## Supplied data

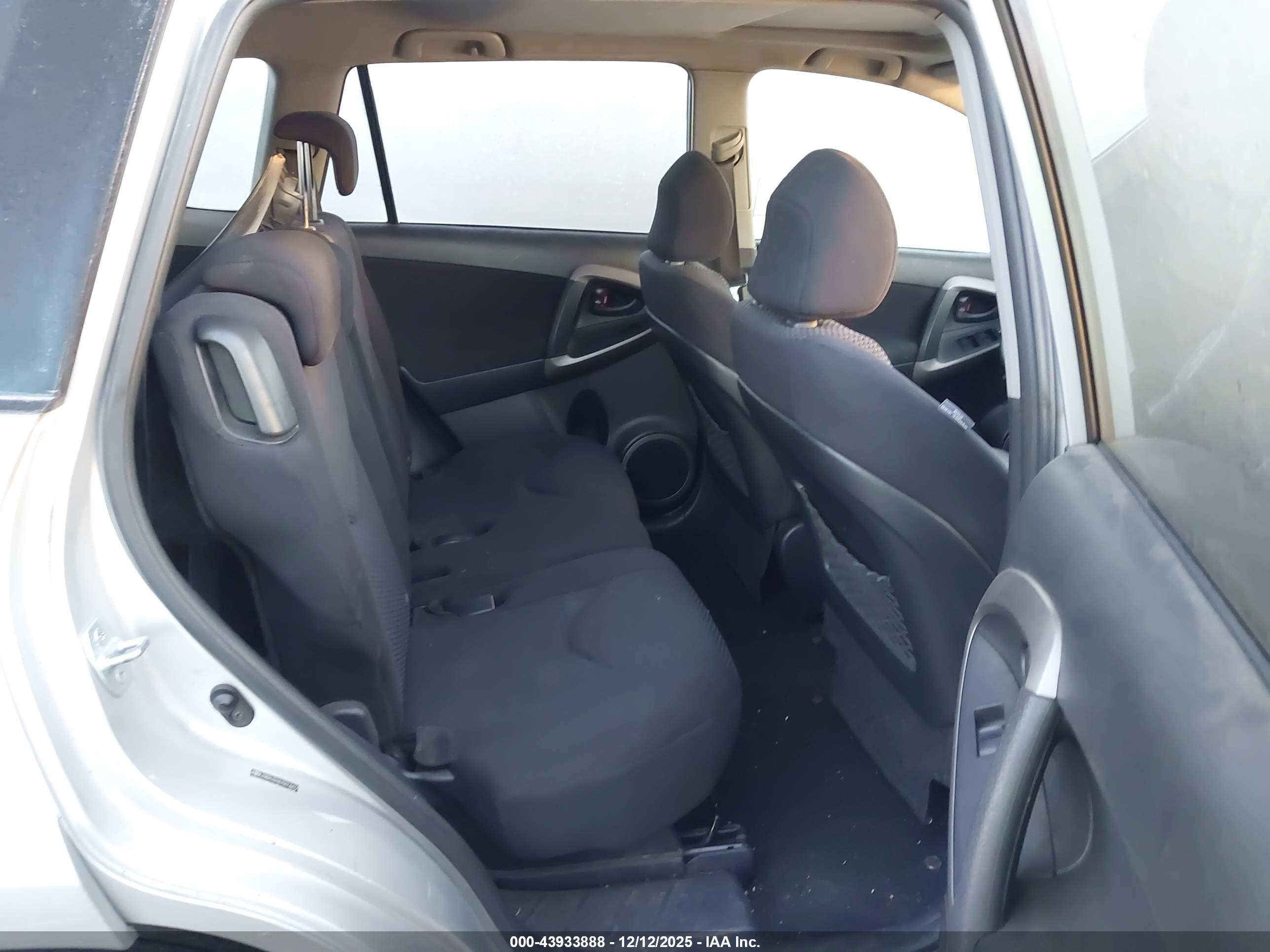 TOYOTA RAV4 image 8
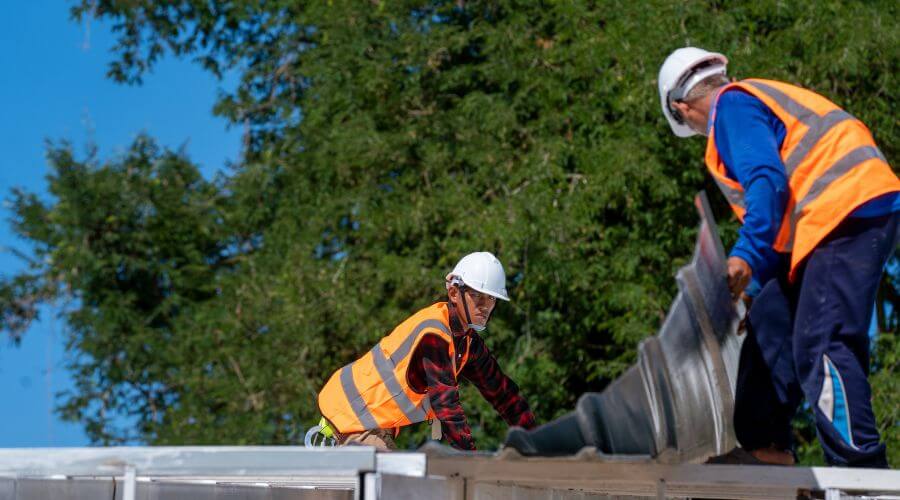 Professional residential roofers in Crystal Lake, IA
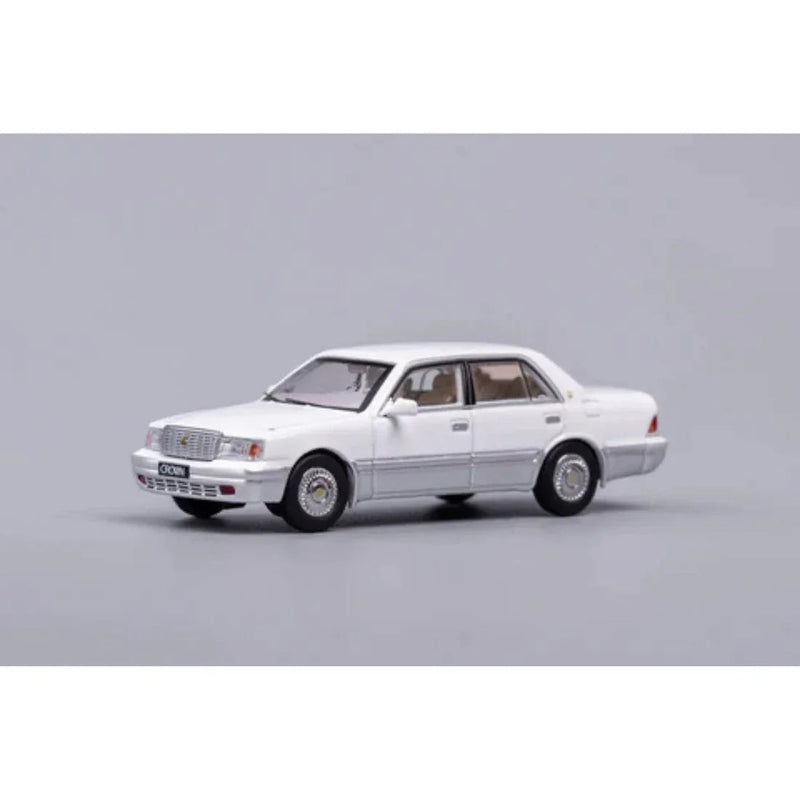 Toyota Crown, 1:64 Scale (White) — image 1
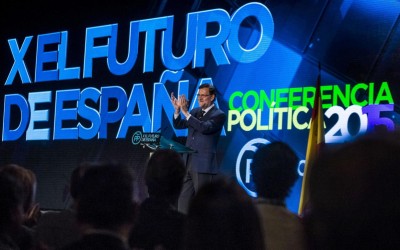Rajoy se crece y esprinta a la sombra de Grecia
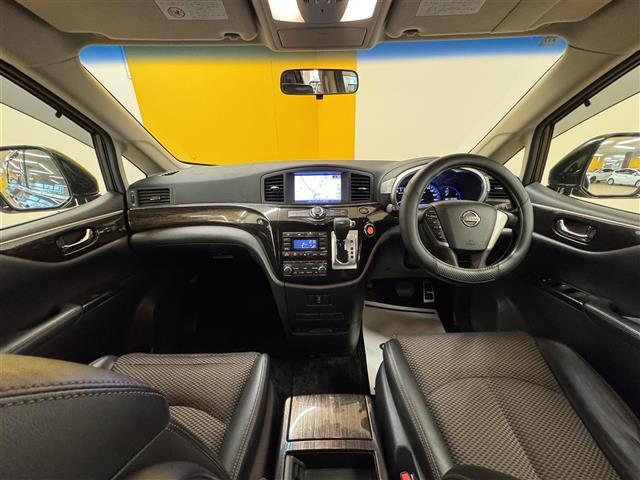 エルグランド 250ハイウェイスターアーバンクロム メーカー純正ナビ アラウンドビューモニター フリップダウンモニター 両側電動スライドドア Bluetooth フルセグTV ミュージックサーバー USB  HIDヘッドライト ETC 純正フロアマット(2枚目)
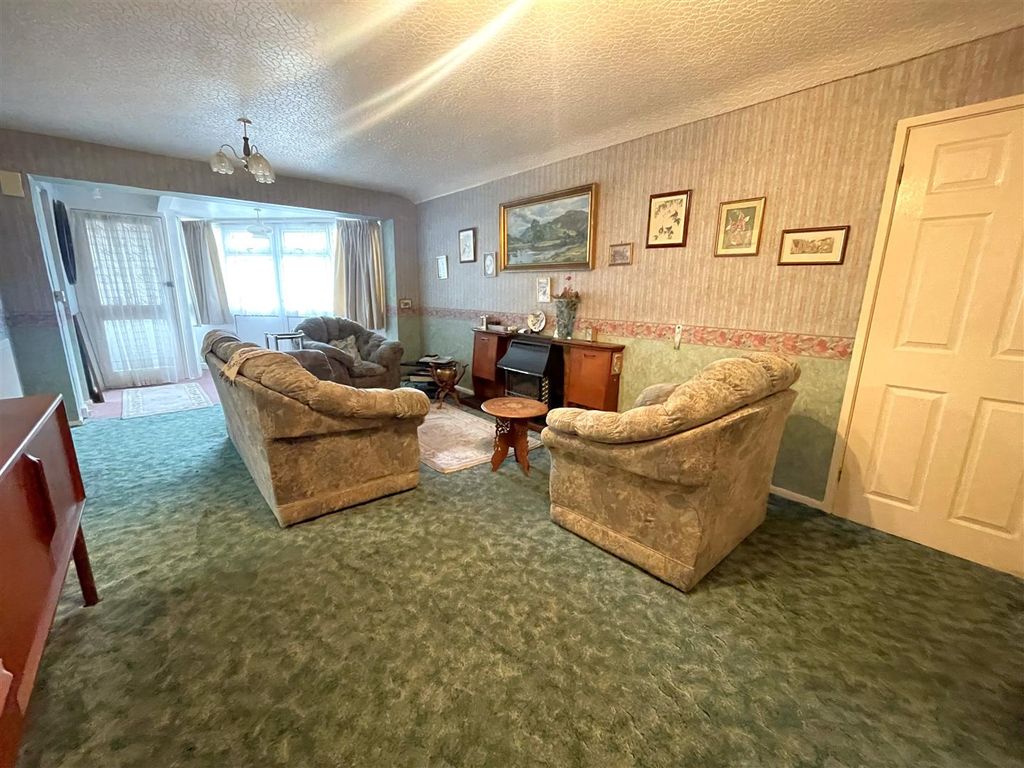 Property photo 3 of 15 Lounge.Jpg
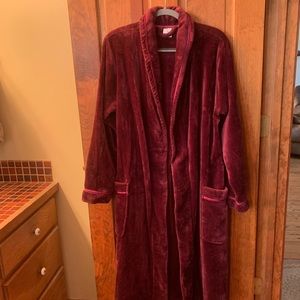 SERRA Long bathrobe, size medium. 100 percent Polyester, so soft and comfortable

## Problem to solve
Locate the line containing "Rajoy se crece" in the records above, then output it and every line after it through the last, excluding pictures.

## Response to the task
Rajoy se crece y esprinta a la sombra de Grecia
 エルグランド 250ハイウェイスターアーバンクロム メーカー純正ナビ アラウンドビューモニター フリップダウンモニター 両側電動スライドドア Bluetooth フルセグTV ミュージックサーバー USB  HIDヘッドライト ETC 純正フロアマット(2枚目)
 Property photo 3 of 15 Lounge.Jpg
 SERRA Long bathrobe, size medium. 100 percent Polyester, so soft and comfortable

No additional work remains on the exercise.